# Story of My town



## Guest (Jun 8, 2004)

This is an essay I wrote describing the town where I grew up. I happened to be reading E.B. White's "Here is New York" and thought it was an excellent essay describing his feelings for New York. I love the town where I grew up and that was my inspiration for writing this essay.

                                   "Here is Grant"

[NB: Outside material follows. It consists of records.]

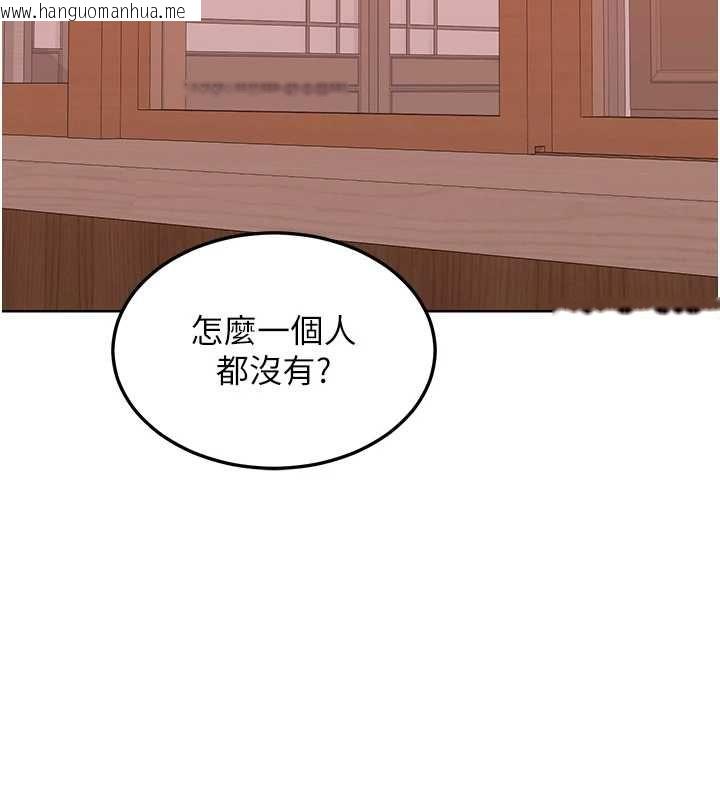 韩国漫画熟女交换计划韩漫_熟女交换计划-第77话-出轨VS近亲性交(?)在线免费阅读-韩国漫画-第153张图片
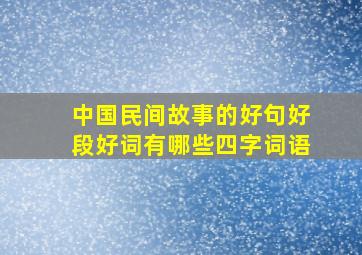 中国民间故事的好句好段好词有哪些四字词语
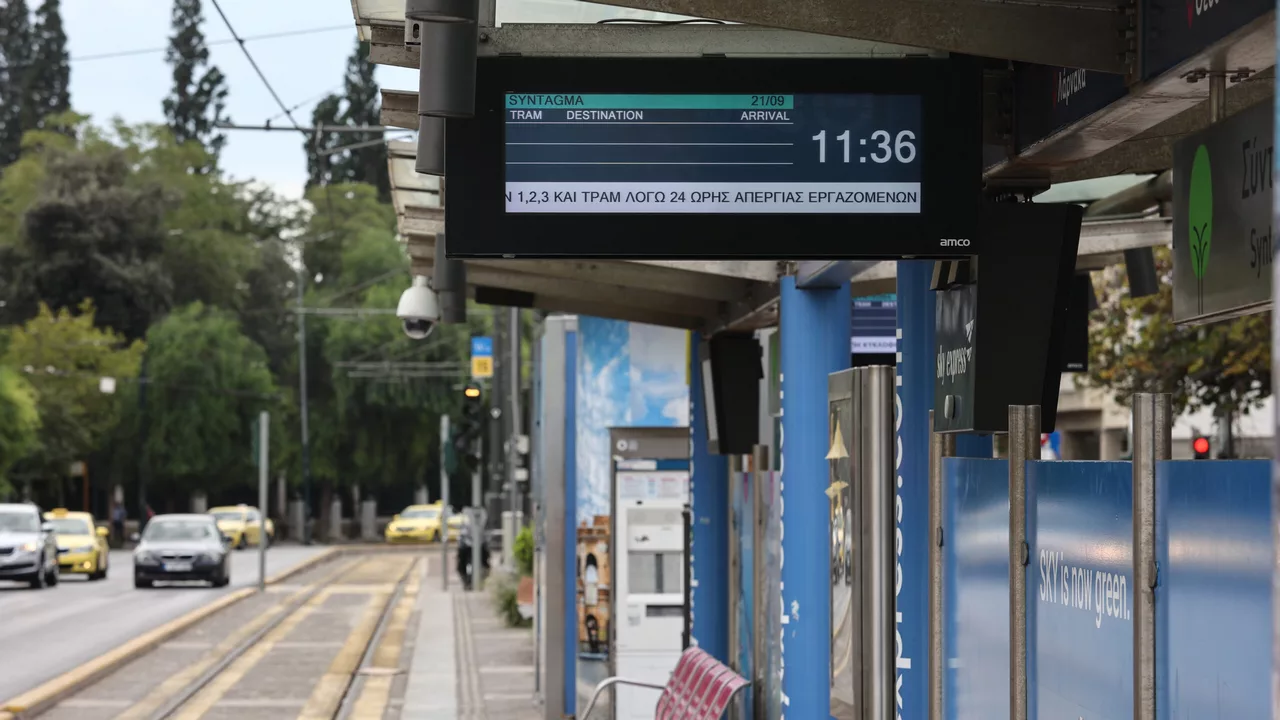 Απεργία 28ης Φεβρουαρίου για Τέμπη: Πώς θα κινηθούν τα ΜΜΜ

    Nestled between White Bear Lake and Stillwater lies a town called Grant. Many people seeking quiet and calm outside of the Twin Cities, land in Grant. This town provides a peaceful and safe environment to raise a family and a tranquil hideaway for retirees. Grant is not too big or too small, but just the right size.
    Grant offers a small town atmosphere, yet it is only twentyfive minutes from the big city. Houses are not built on top of each other; almost every yard is an acre or more. Neighbors are shielded from each other by a wall of trees or bushes, giving people a sense of privacy. The houses are larger in size and come in a variety of styles. There are old farm houses and colonial homes with big wrap around porches. The newer homes are more contemporary but still have a classic look.
    There are many farms in Grant. Down one residential street is a stable that boards and grooms horses. The stable has one large outdoor arena where riders practice their dressage techniques. A few times a year, the stable puts on horse shows and people from all over attend. Pick-up trucks and trailers orchestrate along the sides of the road, with smaller sedans woven in creating a zigzag pattern. A small produce farm has fields of fruits and vegetables that border the main road. The produce farm also has a big pumpkin patch and in the fall around Halloween, you can go and pick out your own pumpkin. In the opposite direction is a dairy farm that has big, fenced-in pastures for the farmer's cows and goats. This farm also has corn fields that line both sides of the property and continue on across the street. In the summertime, the smell of manure is pungent in the warm, humid, and still air.
    The changing of seasons is a wonderful thing to experience when you live in Grant. In the summer, the smell of freshly cut grass is forever present and lingers in the air. Lilacs and honeysuckle scents are overpowering, yet subtle. As the weather starts to get cooler, and the leaves on the trees begin to change color and fall from their branches, the smell of fall is in the air. It is hard to put your finger on one distinct odor; it is a combination of stale leaves, bonfires wood, and smoke. The aromas aren't pleasant by themselves but transposed together they're invigorating. Winter hits and snow blankets the earth like a white sheet. Snowmobiles cruise through the ditches of Grant, leaving paths for others to come. The roar of snow blowers and tractors plowing driveways hum at all hours of the day and night. In the occasion of a big snowfall in Grant, people have to wait for the snow plow to come and clear out the roads, otherwise driving is impossible. Grant's main road gets plowed first, the residential roads get plowed last, makin it hard to get anywhere.
    One drawback of living in a small town is that everyone knows each other and people like to gossip. If something happens to you or your family, it becomes town news. It is hard to keep anything a secret. Neighbors are constantly competing with each other in almost every category of life. If a family in Grant purchases a new car, their neighbor has to buy a new car. That goes the same for almost anything, like buying a new riding lawn mower or installing invisible fencing for the family dog.
    As time and technology advance, the town of Grant has change. Once small and sparsely populated, more and more people are moving here. The school district has tripled in size and you do not get the same feeling of recognition. The dairy farm no longer has cows, just two plots of corn fields. The land where a small, private airport stood is now inhabited by million dollar homes. The roads that were once dirt and gravel are now paved and smooth. Major intersections, which are four-way stops, now have blinking red lights to accompany the stop signs.
    Even though the surroundings have changed, Grant is still Grant. You can not take away the smell in the air and the beautiful scenery. Yes, there may be more houses and more automobiles on the road, but it is still a country town. At night you can hear the singing of crickets and toads blend together to form a chorus of high-pitched chirps.


----------



## Bongoland (Jan 8, 2014)

Nice essay. 

You love the town you grew up.


----------